Records for this exercise.

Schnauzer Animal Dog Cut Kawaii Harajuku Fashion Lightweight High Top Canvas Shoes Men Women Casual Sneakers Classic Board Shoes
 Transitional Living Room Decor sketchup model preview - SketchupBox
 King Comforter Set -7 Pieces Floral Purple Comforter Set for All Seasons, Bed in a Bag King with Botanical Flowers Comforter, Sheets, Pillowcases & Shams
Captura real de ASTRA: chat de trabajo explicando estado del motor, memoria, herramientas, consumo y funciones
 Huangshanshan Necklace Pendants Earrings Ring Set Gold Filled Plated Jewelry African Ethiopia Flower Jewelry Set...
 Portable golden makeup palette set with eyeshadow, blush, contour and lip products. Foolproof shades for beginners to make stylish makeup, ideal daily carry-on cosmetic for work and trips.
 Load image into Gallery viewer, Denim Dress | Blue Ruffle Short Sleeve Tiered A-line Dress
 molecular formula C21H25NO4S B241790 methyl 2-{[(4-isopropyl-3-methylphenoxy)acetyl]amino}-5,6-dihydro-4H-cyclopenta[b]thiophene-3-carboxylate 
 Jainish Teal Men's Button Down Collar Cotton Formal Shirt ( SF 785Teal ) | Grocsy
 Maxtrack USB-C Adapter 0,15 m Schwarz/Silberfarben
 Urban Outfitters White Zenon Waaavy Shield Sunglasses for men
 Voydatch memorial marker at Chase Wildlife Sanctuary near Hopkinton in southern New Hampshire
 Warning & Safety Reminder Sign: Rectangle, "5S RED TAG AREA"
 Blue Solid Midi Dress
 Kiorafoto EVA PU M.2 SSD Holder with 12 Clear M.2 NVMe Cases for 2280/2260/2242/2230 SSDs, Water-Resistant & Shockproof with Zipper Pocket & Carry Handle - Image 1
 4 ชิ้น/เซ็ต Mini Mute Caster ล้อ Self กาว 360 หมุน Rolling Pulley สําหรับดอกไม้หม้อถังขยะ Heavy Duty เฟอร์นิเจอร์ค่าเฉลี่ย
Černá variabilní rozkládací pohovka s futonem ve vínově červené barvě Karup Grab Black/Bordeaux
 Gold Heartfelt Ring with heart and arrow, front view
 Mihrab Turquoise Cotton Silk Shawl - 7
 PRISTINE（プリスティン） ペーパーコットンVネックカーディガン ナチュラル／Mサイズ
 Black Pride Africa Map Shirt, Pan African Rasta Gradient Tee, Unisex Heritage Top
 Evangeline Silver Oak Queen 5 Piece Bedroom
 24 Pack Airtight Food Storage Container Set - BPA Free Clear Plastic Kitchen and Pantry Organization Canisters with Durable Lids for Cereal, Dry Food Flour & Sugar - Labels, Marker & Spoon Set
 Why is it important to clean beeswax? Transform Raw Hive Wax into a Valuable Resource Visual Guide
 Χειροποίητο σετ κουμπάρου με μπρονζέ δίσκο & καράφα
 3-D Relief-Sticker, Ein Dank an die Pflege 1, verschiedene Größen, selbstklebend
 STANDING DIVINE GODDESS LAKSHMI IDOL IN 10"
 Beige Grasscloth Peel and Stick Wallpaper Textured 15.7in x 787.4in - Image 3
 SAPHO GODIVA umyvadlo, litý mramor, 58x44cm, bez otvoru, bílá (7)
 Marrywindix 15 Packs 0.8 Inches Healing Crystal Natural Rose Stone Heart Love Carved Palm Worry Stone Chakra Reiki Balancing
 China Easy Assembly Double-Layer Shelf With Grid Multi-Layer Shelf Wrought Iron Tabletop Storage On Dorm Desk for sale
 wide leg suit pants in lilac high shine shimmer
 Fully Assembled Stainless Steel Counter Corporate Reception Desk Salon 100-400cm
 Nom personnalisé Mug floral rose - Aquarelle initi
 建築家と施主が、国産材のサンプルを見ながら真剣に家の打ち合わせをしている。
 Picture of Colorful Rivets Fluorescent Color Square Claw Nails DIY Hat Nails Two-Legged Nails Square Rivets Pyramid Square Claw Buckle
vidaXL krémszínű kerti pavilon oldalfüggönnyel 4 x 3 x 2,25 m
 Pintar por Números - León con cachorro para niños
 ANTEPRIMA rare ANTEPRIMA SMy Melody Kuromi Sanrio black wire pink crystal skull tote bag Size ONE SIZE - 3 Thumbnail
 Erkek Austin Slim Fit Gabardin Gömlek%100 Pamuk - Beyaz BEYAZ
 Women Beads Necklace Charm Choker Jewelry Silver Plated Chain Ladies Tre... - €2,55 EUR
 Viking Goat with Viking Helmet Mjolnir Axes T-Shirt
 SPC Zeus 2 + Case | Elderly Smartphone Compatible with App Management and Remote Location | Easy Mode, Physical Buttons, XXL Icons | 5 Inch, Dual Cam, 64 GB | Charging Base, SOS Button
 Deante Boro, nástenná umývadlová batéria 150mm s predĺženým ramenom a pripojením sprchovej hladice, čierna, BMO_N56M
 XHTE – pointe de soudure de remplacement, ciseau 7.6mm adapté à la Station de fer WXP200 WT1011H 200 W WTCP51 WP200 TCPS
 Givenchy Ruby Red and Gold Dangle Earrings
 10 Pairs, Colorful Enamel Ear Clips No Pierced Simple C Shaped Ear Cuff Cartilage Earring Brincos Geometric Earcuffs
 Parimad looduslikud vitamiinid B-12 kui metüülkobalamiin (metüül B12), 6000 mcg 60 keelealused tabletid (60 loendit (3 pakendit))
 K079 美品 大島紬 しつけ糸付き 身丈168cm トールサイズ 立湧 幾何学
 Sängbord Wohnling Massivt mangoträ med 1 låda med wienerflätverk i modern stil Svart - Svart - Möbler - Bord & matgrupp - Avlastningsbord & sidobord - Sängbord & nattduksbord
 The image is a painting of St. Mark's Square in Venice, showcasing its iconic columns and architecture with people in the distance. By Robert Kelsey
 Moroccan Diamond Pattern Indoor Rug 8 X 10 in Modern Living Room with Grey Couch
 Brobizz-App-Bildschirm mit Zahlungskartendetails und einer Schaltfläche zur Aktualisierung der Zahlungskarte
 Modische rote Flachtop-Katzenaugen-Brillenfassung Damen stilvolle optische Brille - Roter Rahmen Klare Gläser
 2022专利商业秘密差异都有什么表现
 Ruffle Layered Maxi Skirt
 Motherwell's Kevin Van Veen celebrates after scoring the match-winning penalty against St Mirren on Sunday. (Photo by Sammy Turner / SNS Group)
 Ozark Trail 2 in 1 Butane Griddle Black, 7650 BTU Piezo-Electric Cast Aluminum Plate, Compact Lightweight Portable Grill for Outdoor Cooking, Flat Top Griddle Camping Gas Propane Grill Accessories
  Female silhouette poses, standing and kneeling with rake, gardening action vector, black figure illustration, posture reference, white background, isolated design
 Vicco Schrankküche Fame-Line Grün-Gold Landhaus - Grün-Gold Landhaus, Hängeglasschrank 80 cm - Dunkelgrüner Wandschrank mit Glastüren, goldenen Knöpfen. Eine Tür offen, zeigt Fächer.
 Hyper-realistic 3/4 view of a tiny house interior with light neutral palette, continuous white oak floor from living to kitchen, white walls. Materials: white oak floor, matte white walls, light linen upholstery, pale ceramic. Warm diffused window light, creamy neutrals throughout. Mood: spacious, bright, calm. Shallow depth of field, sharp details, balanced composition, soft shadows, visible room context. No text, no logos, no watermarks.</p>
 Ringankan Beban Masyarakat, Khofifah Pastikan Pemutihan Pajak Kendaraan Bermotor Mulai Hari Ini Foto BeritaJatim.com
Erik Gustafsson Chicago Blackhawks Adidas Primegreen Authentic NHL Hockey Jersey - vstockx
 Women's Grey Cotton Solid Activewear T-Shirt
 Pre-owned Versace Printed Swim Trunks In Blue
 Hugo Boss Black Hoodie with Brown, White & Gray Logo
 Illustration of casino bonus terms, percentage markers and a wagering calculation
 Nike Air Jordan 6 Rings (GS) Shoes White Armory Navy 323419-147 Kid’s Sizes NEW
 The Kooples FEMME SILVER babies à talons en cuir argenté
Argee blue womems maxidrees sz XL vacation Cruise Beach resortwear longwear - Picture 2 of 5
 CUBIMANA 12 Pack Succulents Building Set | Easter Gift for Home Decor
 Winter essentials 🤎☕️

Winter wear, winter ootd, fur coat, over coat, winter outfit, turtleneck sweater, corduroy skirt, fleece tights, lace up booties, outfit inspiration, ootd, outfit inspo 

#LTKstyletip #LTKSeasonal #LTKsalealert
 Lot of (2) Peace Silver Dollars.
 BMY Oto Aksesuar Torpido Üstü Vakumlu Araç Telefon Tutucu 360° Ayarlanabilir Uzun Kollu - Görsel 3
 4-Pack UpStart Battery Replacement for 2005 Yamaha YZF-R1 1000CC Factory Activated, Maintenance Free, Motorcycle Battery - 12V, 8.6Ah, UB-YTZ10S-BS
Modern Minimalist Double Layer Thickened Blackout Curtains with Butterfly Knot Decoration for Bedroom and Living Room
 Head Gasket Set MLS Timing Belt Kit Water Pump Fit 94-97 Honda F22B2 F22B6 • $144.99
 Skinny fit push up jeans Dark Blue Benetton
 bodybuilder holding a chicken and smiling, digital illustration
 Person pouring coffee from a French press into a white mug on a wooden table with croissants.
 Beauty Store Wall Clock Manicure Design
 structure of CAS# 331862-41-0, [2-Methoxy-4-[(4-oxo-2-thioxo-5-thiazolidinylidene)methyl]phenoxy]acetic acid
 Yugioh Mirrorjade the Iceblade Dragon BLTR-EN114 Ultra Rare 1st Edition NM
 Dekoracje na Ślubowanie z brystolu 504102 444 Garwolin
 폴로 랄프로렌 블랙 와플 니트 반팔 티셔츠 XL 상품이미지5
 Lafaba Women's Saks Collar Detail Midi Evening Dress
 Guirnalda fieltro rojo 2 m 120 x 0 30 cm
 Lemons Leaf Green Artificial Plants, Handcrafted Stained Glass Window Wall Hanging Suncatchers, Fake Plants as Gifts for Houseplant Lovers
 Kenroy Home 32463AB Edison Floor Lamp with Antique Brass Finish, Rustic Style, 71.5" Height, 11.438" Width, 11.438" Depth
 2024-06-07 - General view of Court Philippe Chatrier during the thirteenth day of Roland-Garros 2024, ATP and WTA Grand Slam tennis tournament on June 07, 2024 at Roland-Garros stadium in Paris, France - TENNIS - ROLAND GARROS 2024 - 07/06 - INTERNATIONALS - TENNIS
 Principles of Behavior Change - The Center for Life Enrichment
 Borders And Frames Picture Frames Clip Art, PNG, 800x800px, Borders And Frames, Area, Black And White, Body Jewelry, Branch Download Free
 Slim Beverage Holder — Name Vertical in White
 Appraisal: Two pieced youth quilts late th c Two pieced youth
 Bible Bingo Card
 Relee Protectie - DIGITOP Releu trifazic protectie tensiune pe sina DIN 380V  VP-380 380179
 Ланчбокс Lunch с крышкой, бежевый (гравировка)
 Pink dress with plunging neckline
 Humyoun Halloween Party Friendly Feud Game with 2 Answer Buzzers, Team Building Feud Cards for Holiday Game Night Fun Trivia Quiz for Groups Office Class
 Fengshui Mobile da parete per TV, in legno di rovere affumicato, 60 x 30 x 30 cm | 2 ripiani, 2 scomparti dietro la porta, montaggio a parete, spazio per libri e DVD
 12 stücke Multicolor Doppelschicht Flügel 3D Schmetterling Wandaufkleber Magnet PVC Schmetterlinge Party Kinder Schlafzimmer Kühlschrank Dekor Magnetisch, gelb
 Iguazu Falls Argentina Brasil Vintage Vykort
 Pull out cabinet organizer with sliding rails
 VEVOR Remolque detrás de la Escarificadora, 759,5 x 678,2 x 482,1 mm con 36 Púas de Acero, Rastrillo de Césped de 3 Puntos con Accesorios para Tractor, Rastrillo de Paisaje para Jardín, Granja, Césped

Aim of the exercise. Copy every line from the material in which the word "Midi" can be found.

Exercise solution.
 Blue Solid Midi Dress
 Lafaba Women's Saks Collar Detail Midi Evening Dress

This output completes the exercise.